Every line below from the one with "We have to write" through the one with "Thank you for watching. Please" is to be repeated exactly, with no picture among them.

Stored data:
----

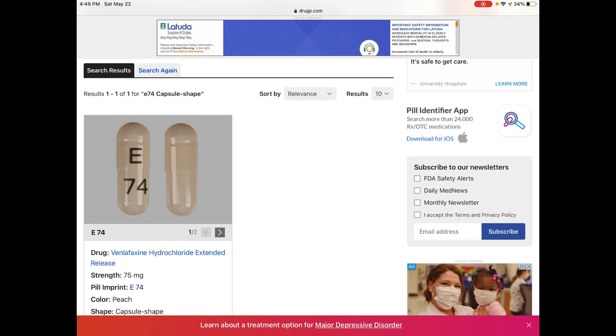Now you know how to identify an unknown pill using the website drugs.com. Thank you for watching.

----

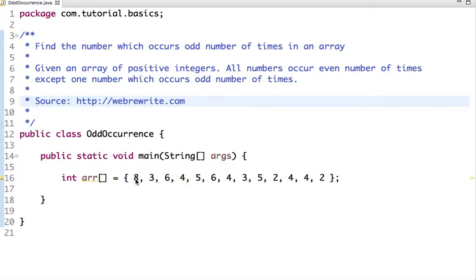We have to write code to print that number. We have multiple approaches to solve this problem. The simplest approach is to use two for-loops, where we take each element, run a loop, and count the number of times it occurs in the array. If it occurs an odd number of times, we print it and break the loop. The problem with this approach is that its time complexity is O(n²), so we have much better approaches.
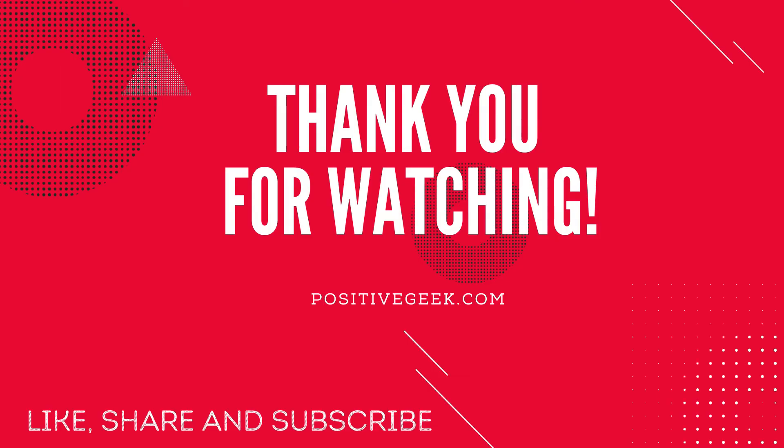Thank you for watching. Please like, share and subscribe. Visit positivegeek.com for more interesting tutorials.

----

Written response:
We have to write code to print that number. We have multiple approaches to solve this problem. The simplest approach is to use two for-loops, where we take each element, run a loop, and count the number of times it occurs in the array. If it occurs an odd number of times, we print it and break the loop. The problem with this approach is that its time complexity is O(n²), so we have much better approaches.
Thank you for watching. Please like, share and subscribe. Visit positivegeek.com for more interesting tutorials.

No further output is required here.